The ruling would reinstate Lancton as a city employee on special assignment to lead the Houston Professional Fire Fighters Association, and would also grant the union president full back pay.
Lancton was suspended earlier this year after Houston Fire Chief Samuel Peña said he failed to report to work.
“He was absent from work for three or more days,” Peña said. “Essentially AWOL — absent without leave.”
Peña said he asked Lancton to sign an memorandum of understanding, or MOU, after the contract between the city and union expired in 2017. The MOU would allow Lancton to continue working as union president, Peña said.
After the fire chief claimed to have not received the signed document, he moved to suspend Lancton on Jan. 19.
Lancton, however, claims that he did sign — a claim that the independent arbitrator sided with on Monday.

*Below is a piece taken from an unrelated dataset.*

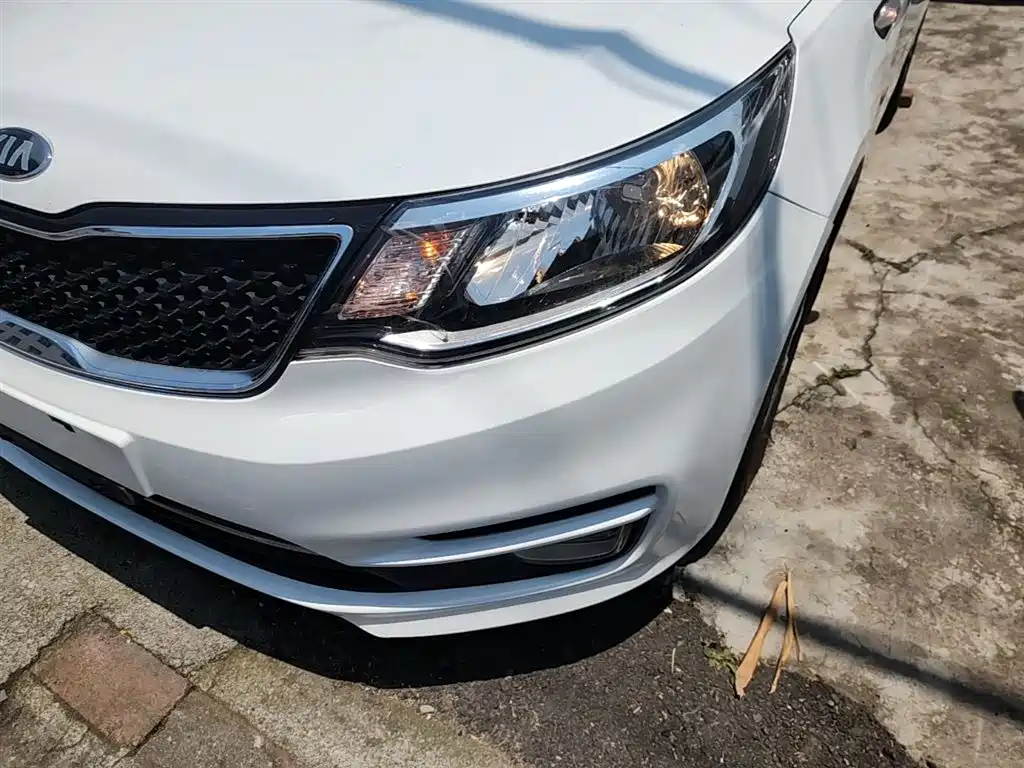 Kia K2 2015 Sedan 1.4L AT GLS фото 24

“It’s not what we expected,” Peña said of the ruling. “I believe I was in the right to terminate the employee.”
Lancton has maintained that the suspension was actually an act of retaliation for his criticism of Mayor Sylvester Turner’s response to the ongoing legal battle over pay between the union and the city, which originated after the 2017 contract ended.
“I absolutely believe that this mayor used or attempted to use me as some sort of political message in retaliation,” Lancton said.
The mayor’s office declined requests for comment.
During the years-long pay dispute, the union has asked for a pay increase through a collective bargaining contract, while the city has opposed the idea — instead opting to increase firefighter pay by 18% over the next three years, a measure that city council passed in June.
The union sees the pay increase as a “bonus,” according to Lancton, who has previously pointed to the fact that the pay raise would be covered using temporary federal funding from the American Rescue Plan Act.
Earlier this month, the union gained enough signatures to place a charter amendment on the November ballot, which would allow Houston voters to decide whether to force the city and union into arbitration if contract negations continue to stall — meaning a third party would develop a contract that must be accepted by both the city and union.
“It would resolve the contract disputes in 45 days, not in six years,” Lancton said. “We will continue to do the right thing. We will continue to answer the citizens’ calls, but it is the elected politicians that have got to start answering to the public.”